» **PROBLEM DESCRIPTION**
Copy exactly, and copy nothing else: the line that contains "It looks like" and all lines after it in the listing, without pictures.

» **RAW DATA**
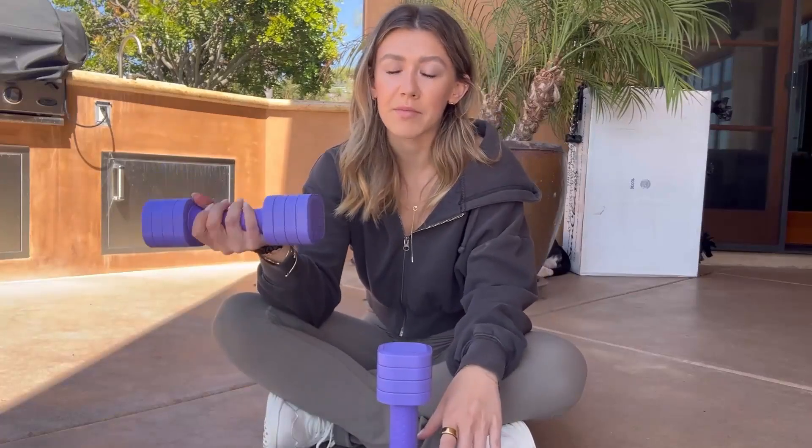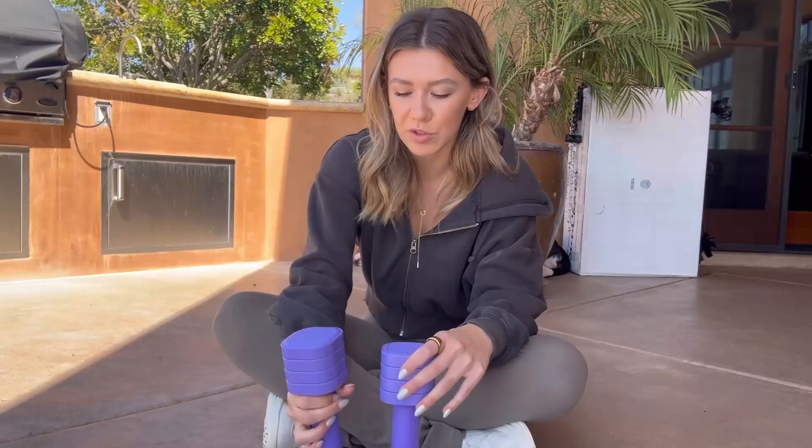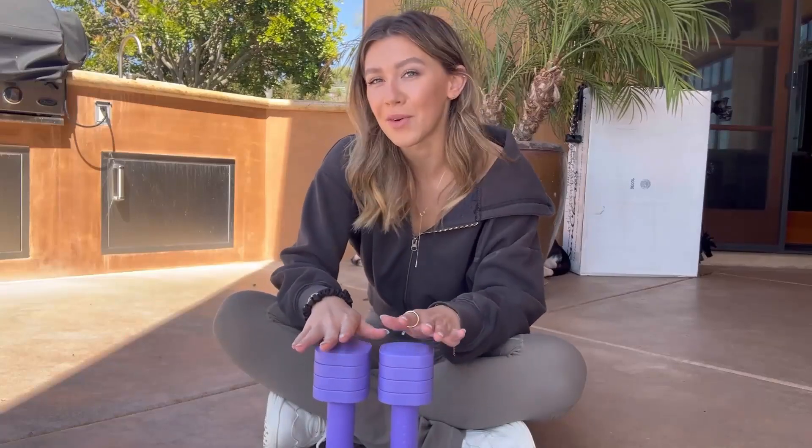As you can see, there are so many ways you can use these adjustable dumbbells. They're so versatile and so comfortable. They fit easily inside the palm of my hand and they don't slip at all, which is great. I can do so many exercises with these from home. So if you guys are looking for a pair of adjustable dumbbells, definitely check these ones out.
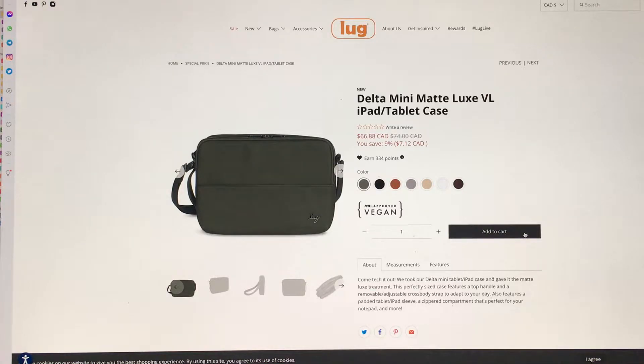It looks like they've just taken the exact Mini Delta and put the Matt Luxe VL material on it. So yeah, a little expensive, but if you want something more elevated, a nicer, cleaner look, this is definitely the way to go. And especially if you want that vegan leather, I guess you're paying a premium for it.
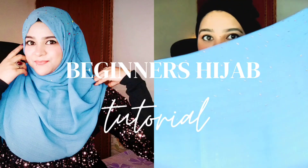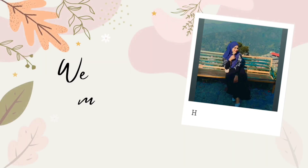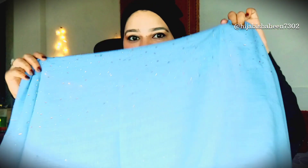Hello everybody, Assalamu Alaikum, welcome back to my channel. I hope you all are doing great, my loving brothers and sisters. So, yet another hijab tutorial! You can use georgette fabric for this hijab tutorial — georgette is the very best for these kinds of hijabs. Here we are using georgette, which has a little bit of beads.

» **RESPONSE BOX**
It looks like they've just taken the exact Mini Delta and put the Matt Luxe VL material on it. So yeah, a little expensive, but if you want something more elevated, a nicer, cleaner look, this is definitely the way to go. And especially if you want that vegan leather, I guess you're paying a premium for it.
Hello everybody, Assalamu Alaikum, welcome back to my channel. I hope you all are doing great, my loving brothers and sisters. So, yet another hijab tutorial! You can use georgette fabric for this hijab tutorial — georgette is the very best for these kinds of hijabs. Here we are using georgette, which has a little bit of beads.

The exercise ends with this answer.